Start Date: 2020-12-29

RFC Status

Spec PR

Summary

This RFC proposes a new MetadataBlock schema that makes metadata less ambiguous and easier to extend.

Motivation

MetadataBlock schema today consists of multiple optional fields that appear in metadata under different conditions. For example, the outputSlice field is present when a transformation resulted in some new data added to the datasets, the outputWatermark tells us that transformation had bumped up the watermark of a dataset - it can be present even when no new output data was produced. So when you want to process only metadata blocks that correspond to transformations - you get into a position of wondering what’s the “definitive sign” of transformation taking place, is it the presence of outputWatermark, ouputSlice, or inputSclices?

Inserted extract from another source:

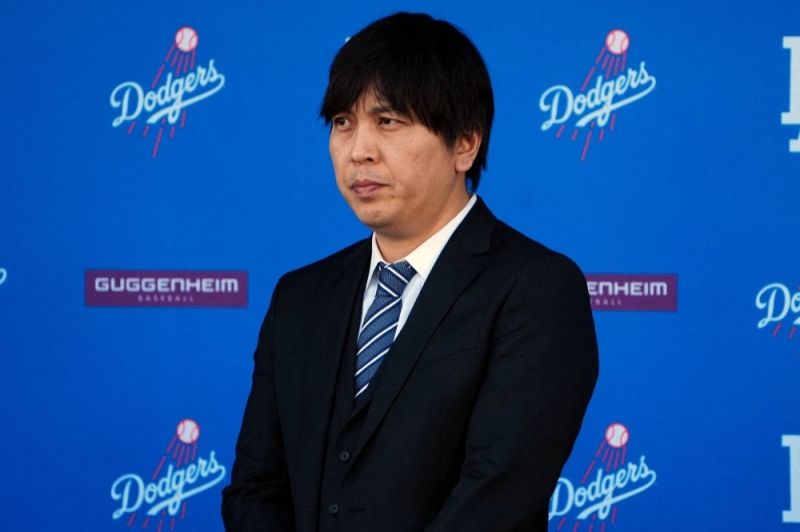 Ippei Mizuhara, seen during Shohei Ohtani's introductory news conference with the Dodgers in December 2023, has agreed to plead guilty to charges of bank fraud and filing a false tax return.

These are the clear signs of “anemic data” - the problem ODF was designed to prevent in data, as compared to approaches like Change Data Capture. As the set of features ODF supports grows, such anemic ever-growing schema will become unsustainable.

This RFC will explore how to transition metadata into a descriptive event-based format that can be easily extended by different parties to implement higher-level features.

Guide-level explanation

This RFC proposes to replace the anemic fields of the MetadataBlock schema with an extensible set of MetadataEvents, with every MetadataBlock containing a single MetadataEvent of a certain type. MetadataEvent will correspond to a certain transaction on the dataset (e.g. executing query, specifying polling source, updating transformation query). Every event will contain only fields that are relevant to the transaction.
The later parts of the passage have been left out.